What you are asked to do:
Only the lines from the one containing "calls-to-doubl" through the end of the data below are to be repeated, exactly as given, without pictures.
═══ Input data ═══
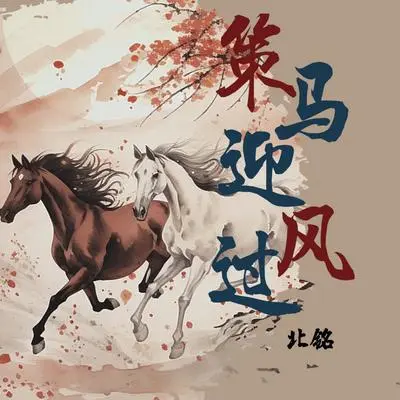 策马迎风过 (DJheap九天版)封面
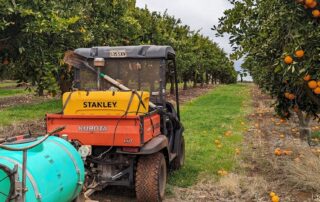 calls-to-double-the-number-of-sterile-fruits-flies-dropped-over-sa’s-riverland-by-plane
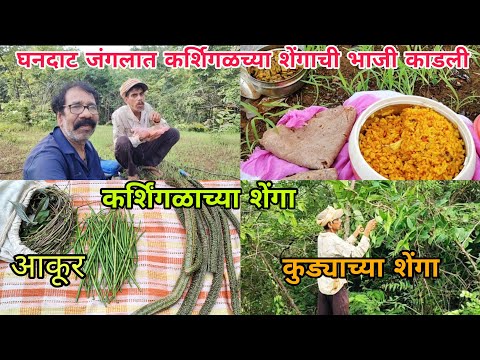 कोकणातील पावसाळ्यातील रान भाज्या एक दिवस गवारेड्यांच्या जंगलात कर्शिगळच्या शेंगा आकूर भाजी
═══
Output for this task:
 calls-to-double-the-number-of-sterile-fruits-flies-dropped-over-sa’s-riverland-by-plane
 कोकणातील पावसाळ्यातील रान भाज्या एक दिवस गवारेड्यांच्या जंगलात कर्शिगळच्या शेंगा आकूर भाजी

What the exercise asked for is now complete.